CourtOregon Court of Appeals

Gary K. Jensen, P. C., Eugene, argued the cause and filed the brief for appellant.

Thomas H. Denney, Asst. Atty. Gen., Salem, argued the cause for respondent. With him on the brief were James A. Redden, Atty. Gen., and Al J. Laue, Sol. Gen., Salem.

Before TANZER, P. J., and JOHNSON and ROBERTS, JJ. JOHNSON, Judge.

Defendant appeals his conviction following a jury trial for the crime of driving while under the influence of intoxicants, ORS 487.540, which provides:

"(1) A person commits the offense of driving while under the influence of intoxicants if he drives a vehicle while:

"(a) He has .10 percent or more by weight of alcohol in his blood as shown by chemical analysis of his breath, blood, urine or saliva made under ORS 487.805 to 487.815 and 487.825 to 487.835; or

"(b) He is under the influence of intoxicating liquor, a dangerous drug or narcotic drug; or

"(c) He is under the influence of intoxicating liquor and a dangerous drug or narcotic drug.

"(2) Driving while under the influence of intoxicants is a Class A traffic infraction."

The state's principal evidence at trial was a breathalyzer reading of .22 percent blood-alcohol. Defendant assigns as error the court's instructions with respect to his blood-alcohol content, and the admission of evidence of his prior conviction for the purpose of enhancing the penalty for the crime.

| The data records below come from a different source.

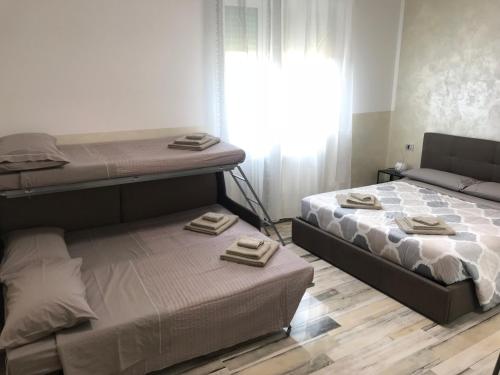 Ένα ή περισσότερα κρεβάτια σε δωμάτιο στο B&B ATTICO GALLIERA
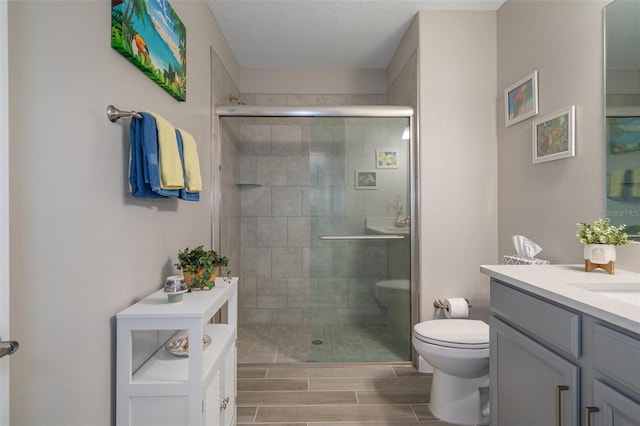 bathroom featuring vanity, toilet, an enclosed shower, and a textured ceiling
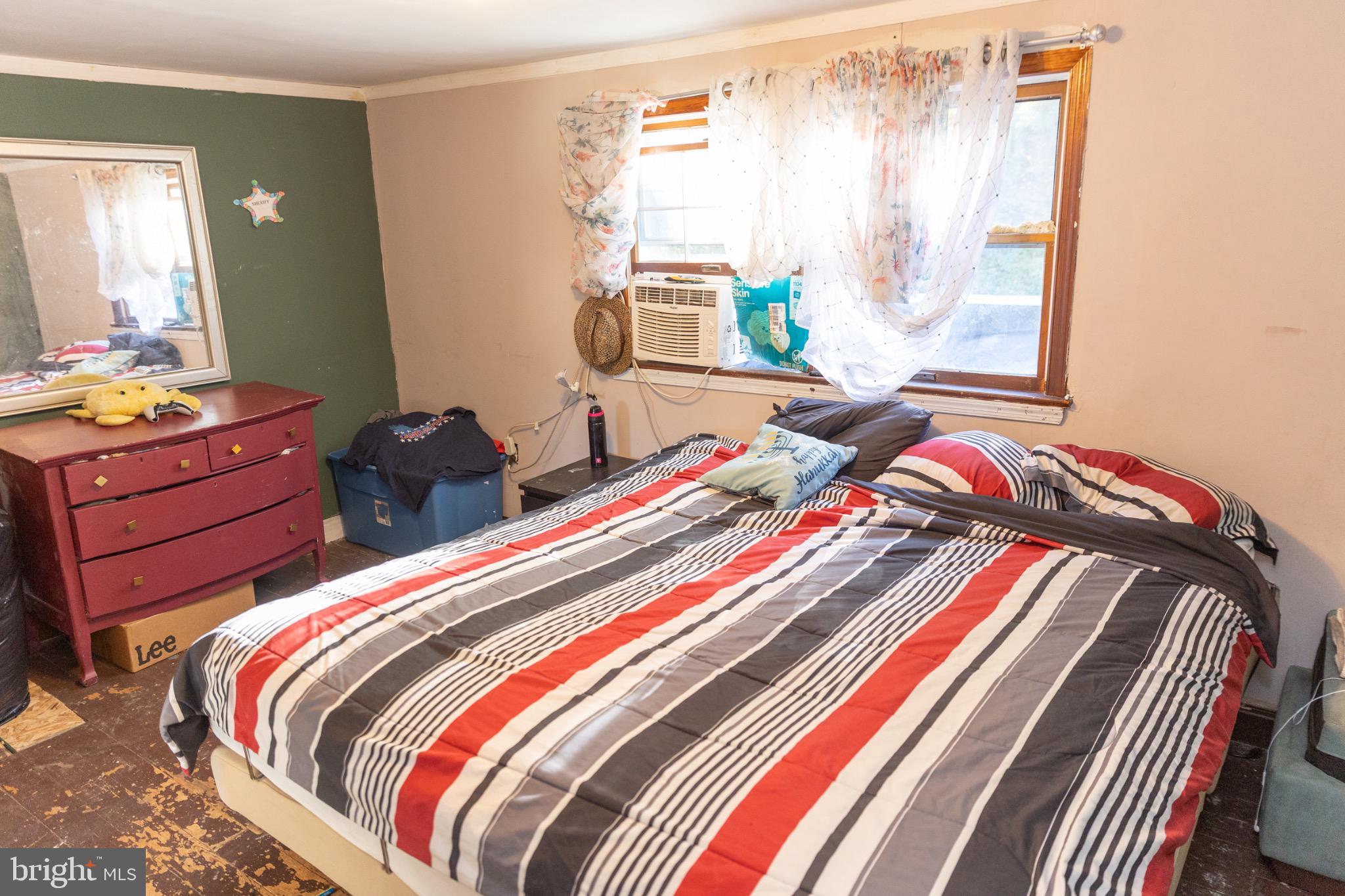 231 Laurel Street Minersville, PA 17954 - Photo 18 of 22 Cozy bedroom with vibrant striped bedding.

Defendant first contends that the court erred in instructing the jury as follows:

"The law further provides that if you find that the amount of alcohol by weight in Defendant's blood at the time of driving as shown by chemical analysis of the Defendant's breath was .10 percent or more, the Defendant is guilty of the crime of driving under the influence * * * ."

He maintains that in so instructing, the court invaded the province of the jury by creating a conclusive presumption of guilt precluding the jury from considering evidence indicating that his driving was not in fact impaired due to his consumption of alcohol. Defendant bases his argument on the terms of ORS 487.545 which provide:

"(1) At the trial of any civil or criminal action, suit or proceeding arising out of the acts committed by a person driving a motor vehicle while under the influence of intoxicants, if the amount of alcohol in the person's blood at the time alleged is less than .10 percent by weight of alcohol as shown by chemical analysis of the person's breath, blood, urine or saliva, it is indirect evidence that may be used to determine whether or not he was then under the influence of intoxicants.

"(2) Not less than .10 percent by weight of alcohol in a person's blood constitutes being under the influence of intoxicating liquor.

"(3) Percent by weight of alcohol in the blood shall be based upon grams of alcohol per one hundred cubic centimeters of blood.

"(4) Nothing in this section is intended to limit the introduction of any competent evidence bearing upon the question of whether or not a person was under the influence of intoxicants." (Emphasis supplied.)

Defendant requested that the court instruct the jury in the terms of subsection (4) of ORS 487.545 and the court refused. We construe ORS 487.540 and 487.545 as indicating that a finding of .10 percent blood-alcohol constitutes a violation of the statute. Evidence is admissible to show that the chemical analysis of the defendant's blood was inaccurate. Here no such evidence was offered by the defendant and therefore the trial court was correct in its instructions.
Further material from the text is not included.